- **SUPPLIED INFORMATION**:
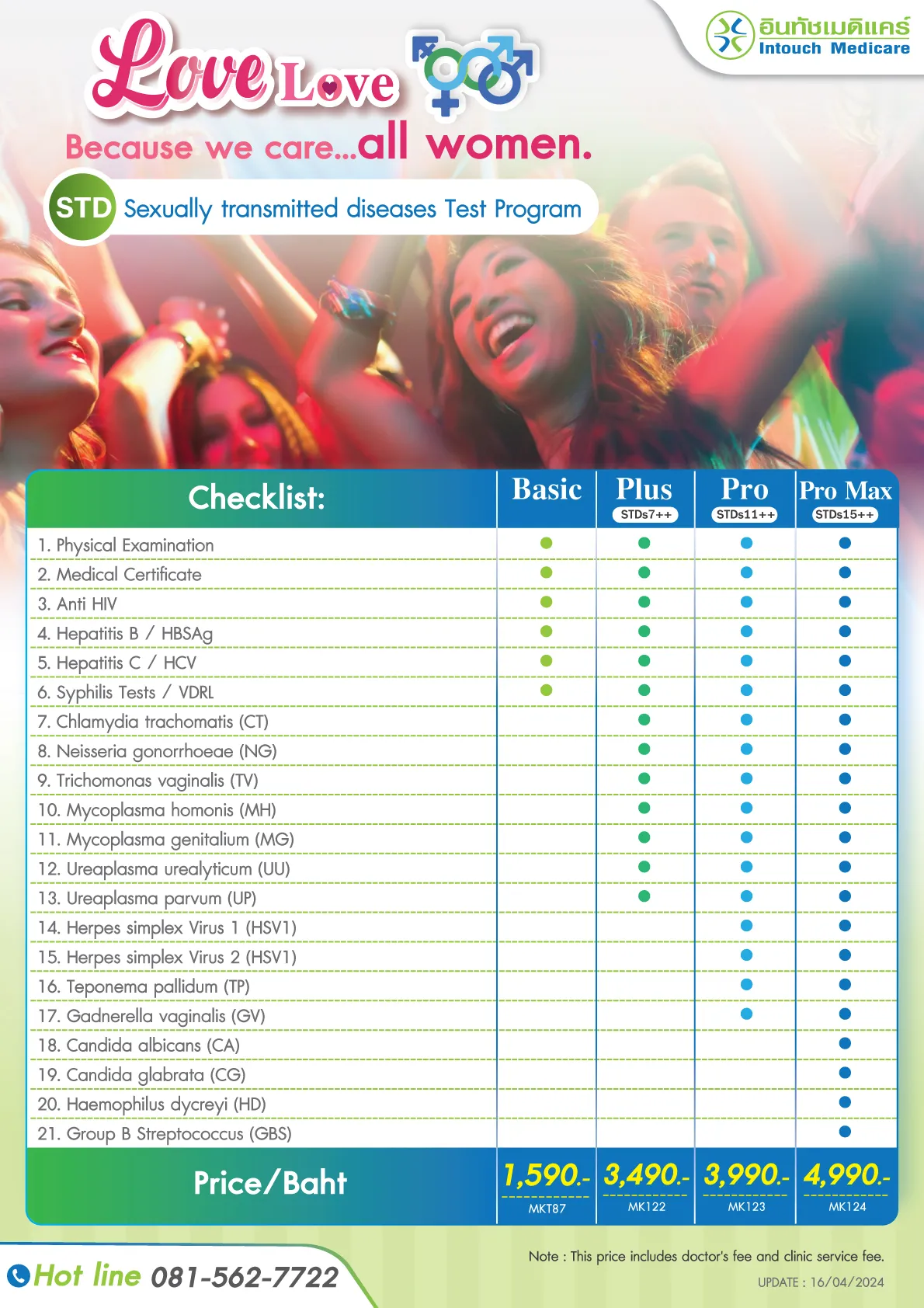 STD Test Program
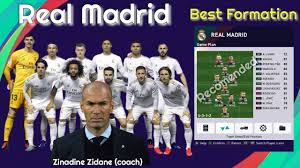 In this video i will give you the secrets of the formation of real madrid pes 2021, using the right formation and tactics that are right you will beat every. The Best Formation Pes 2021 Real Madrid Possesion Game Youtube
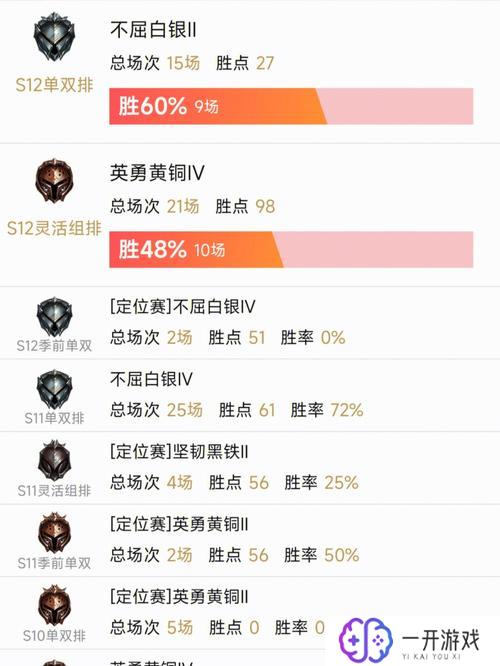 lol查隐藏战绩,LOL隐藏战绩查询攻略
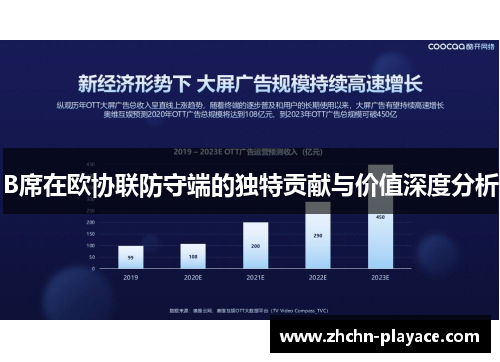 B席在欧协联防守端的独特贡献与价值深度分析 B席在欧协联防守端的独特贡献与价值深度分析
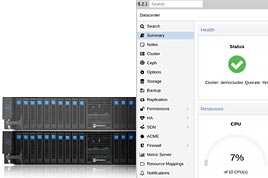Hochverfügbarkeit & Virtualisierung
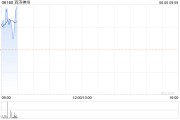 百濟神州因受限制股份單位獲歸屬而發(fā)行7.75萬股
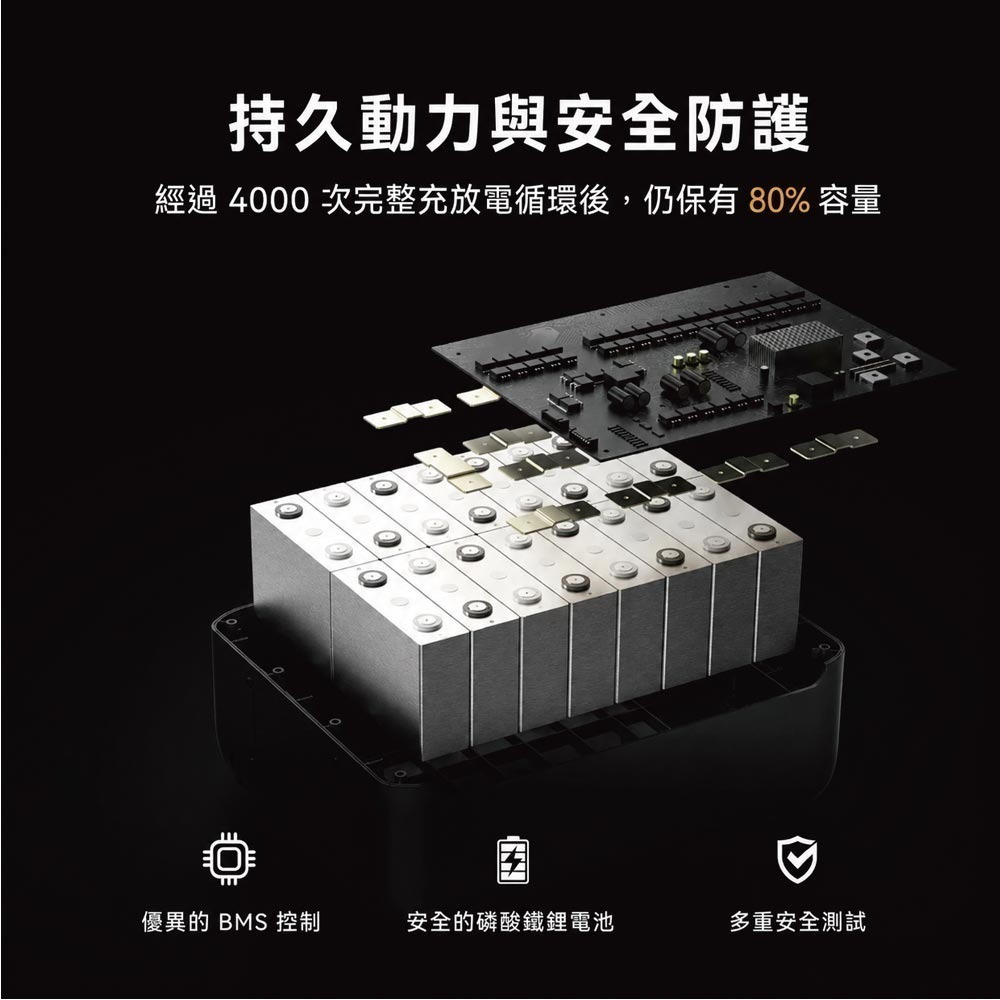 Pecron F5000LFP LQ便攜式電源站5度電戶外電源7200W 5120Wh-細節圖7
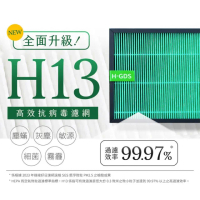 【Have Green Days 綠綠好日】適用Honeywell HPA-400WTW HPA-400 純淨空氣清淨機 複合式抗菌濾網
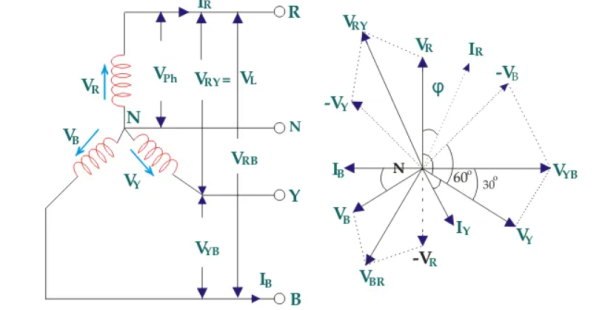 Chart, diagram, radar chart

Description automatically generated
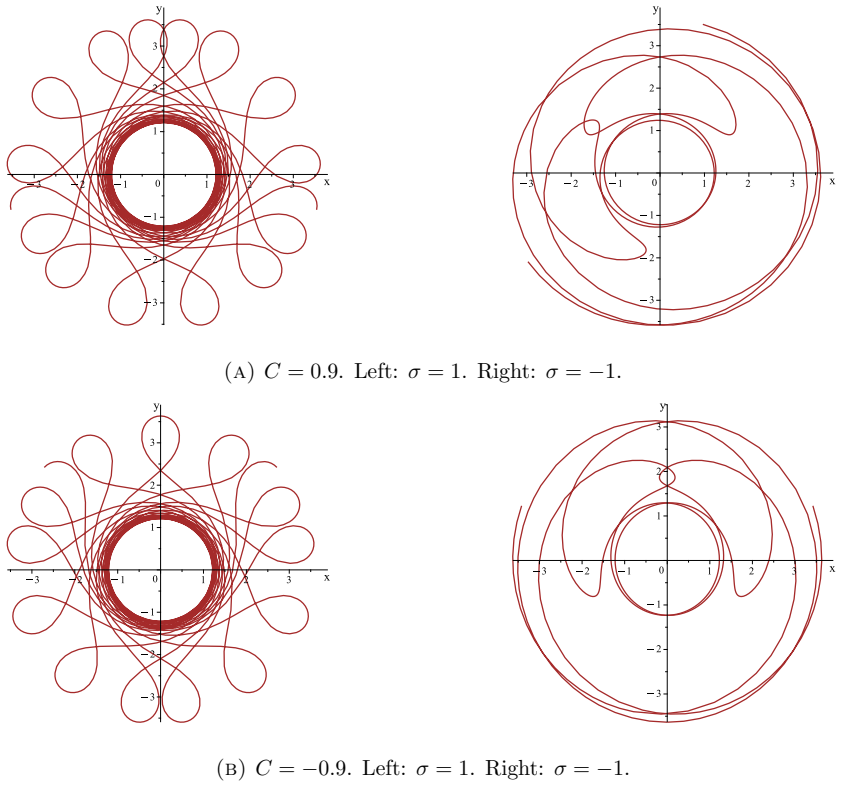 Figure 21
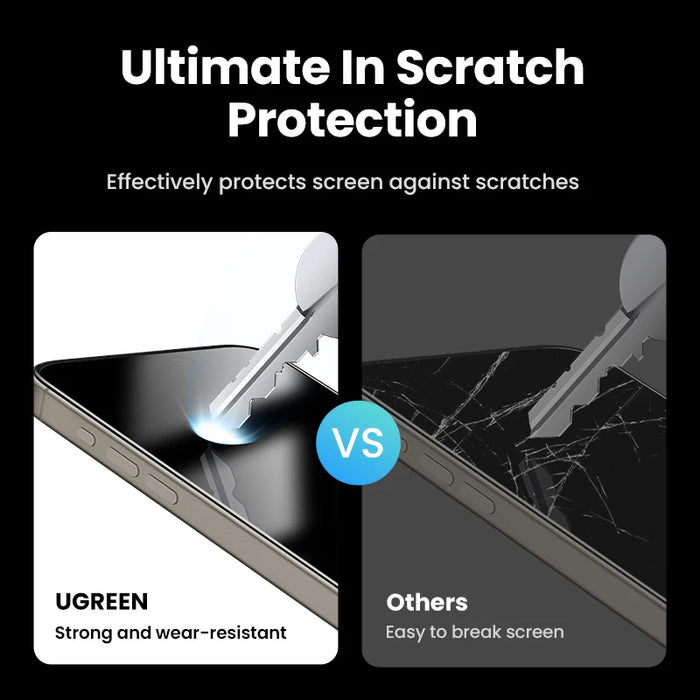 UGREEN 2PCS Privacy Screen Protector For iPhone 15 14 13 Pro Max Anti-Spy Tempered Glass For iPhone 14 Plus Screen Protectors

- **HOW TO COMPLETE THIS TASK**:
Please set down the records exactly, and keep every image out of the copy.

- **ANSWER TO THIS TASK**:
 STD Test Program
 In this video i will give you the secrets of the formation of real madrid pes 2021, using the right formation and tactics that are right you will beat every. The Best Formation Pes 2021 Real Madrid Possesion Game Youtube
 lol查隐藏战绩,LOL隐藏战绩查询攻略
 B席在欧协联防守端的独特贡献与价值深度分析 B席在欧协联防守端的独特贡献与价值深度分析
Hochverfügbarkeit & Virtualisierung
 百濟神州因受限制股份單位獲歸屬而發(fā)行7.75萬股
 Pecron F5000LFP LQ便攜式電源站5度電戶外電源7200W 5120Wh-細節圖7
 【Have Green Days 綠綠好日】適用Honeywell HPA-400WTW HPA-400 純淨空氣清淨機 複合式抗菌濾網
 Chart, diagram, radar chart

Description automatically generated
 Figure 21
 UGREEN 2PCS Privacy Screen Protector For iPhone 15 14 13 Pro Max Anti-Spy Tempered Glass For iPhone 14 Plus Screen Protectors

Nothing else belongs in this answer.